I didn’t want it to be the folks who we know. I think most people don’t know Cleve [Jones], they might have a bit of an idea of him from the “Milk” movie where he was a supporting part. Frankly, one of the criteria I had was I wanted people who didn’t start in the LGBT movement. Cleve started in the peace movement, Ken Jones was in the military and a part of creating equality for African Americans in this country and in the military so he came from the black civil rights movement. Roma Guy came from the women’s movement. So it was important for me to help people today understand the interconnectedness of the social justice movements. I get very frustrated when I hear young LGBT people only talk about what it is their community needs and only seem to be interested in the work that needs to be done for their community. It’s incredibly shortsighted. You need to understand the interconnectedness. I’m not making this because I’m nostalgic, I’m making this because I think we need it right now.
You know this history so well, but what was a surprise from making “When We Rise”?
The thing that surprised me most is as these three years [of producing the miniseries] have gone on, I think what we’re hearing particularly from the Republican party is so dangerous that I hope this show arms average Americans and families to have the language and to have the stories to push back against the kind of hateful, divisive speech we’ve started hearing the last three years. Part of what I’ve learned just by listening is, sadly, this is going to be more timely than I thought when I started writing it.
What is the benefit of having four different directors (Gus Van Sant, Dee Rees, Thomas Schlamme and Black) for the series?

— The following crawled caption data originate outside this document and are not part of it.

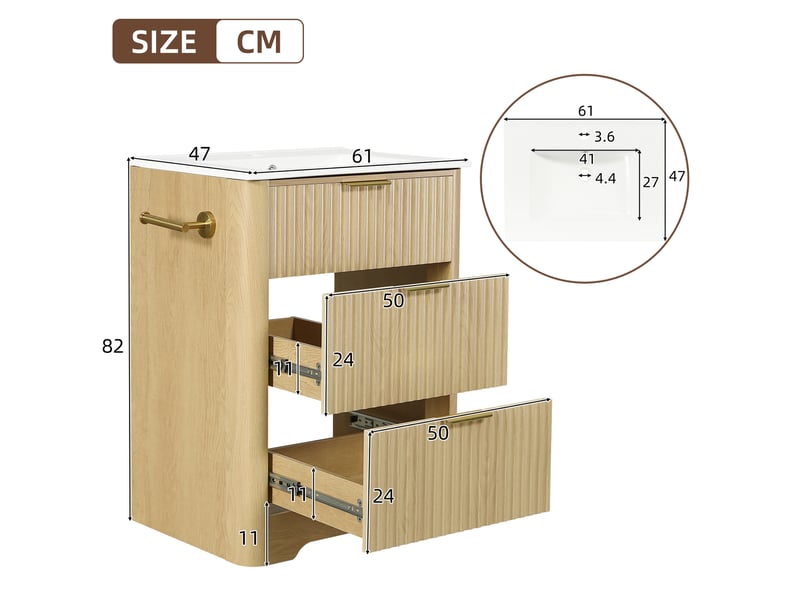 Meuble sous vasque lavabo, 2 tiroirs et porte-papier réversible pour salle de bain, mdf bois naturel, 61 × 47 × 82 cm - Conforama E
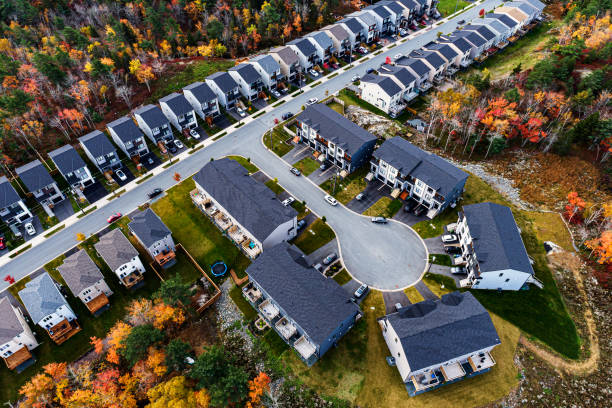 Suburban Landscape Aerial drone view of a suburban landscape. maritime provinces stock pictures, royalty-free photos & images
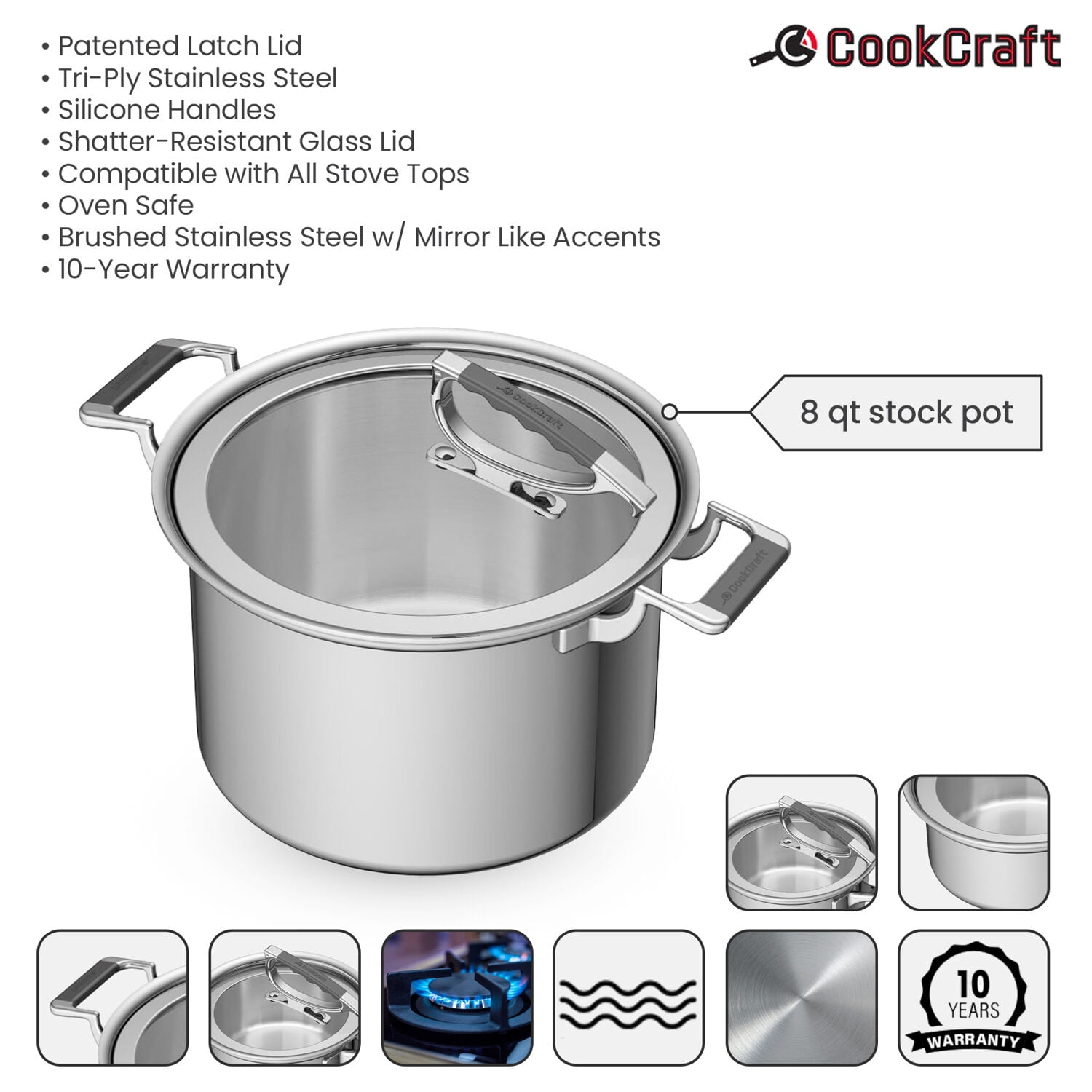 CookCraft 8 QT Stock Pot with Glass Latch Lid –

If you’re going to call a show “When We Rise” and you’re going to emphasize the we, you better do that in a writer’s room and with the directors. I’m a gay white man. I understand that experience quite well. I need it in my writers room, my directors, people of color and lesbians, straight people. In our writers room we had gay and straight, and black and white and same with the directors. Gay and straight, black and white. I think if you want authenticity, you better go to the source and say, “We’re the people who have experienced it.” So it’s been great. Gus grew up in a time, before I knew what it was to be gay. Gus was a young gay man in the seventies. He knows that better then I do. Dee Reese knows what it means to be a lesbian better then I do. And someone who’s had to live as an African-American in this time. I don’t want it to be bulls–t. I want it to be authentic.
It’s also important that we cast trans people and work with trans people to depict that experience, which is more of the last half. That came to life for Americans. The funniest thing was when we went out to Thomas Schlamme [“Manhattan,” “The West Wing”] as a director, and he said, “Oh my gosh, for the very first time in my career, I’m the diversity king as a straight man.” It was true. He’s our token straight man.
Did you think about the audience when writing this or do you keep that out of your head?
I was thinking of myself as the audience. Myself as an adolescent closeted kid growing up in a tough environment, and I thought what are the stories that would have helped me? What would I want to hear? What would I wanted my folks to see and to hear and to learn? From there I was just trying to do the best version of the truth possible. I want it to be entertaining and moving and all of that. I want American families to lean in and to say, “Oh wow, that’s in a way not so different then us.” And in other ways it’s very different but it’s lovely that that’s a part of who we are, and at the end of the day make it emotionally specific enough that anyone can relate, whether they’re gay or straight.
“When We Rise” airs at 9pm on Feb. 27, 29-31 on ABC. The documentary “When We Rise: The People Behind The Story” airs March 2 at 8pm.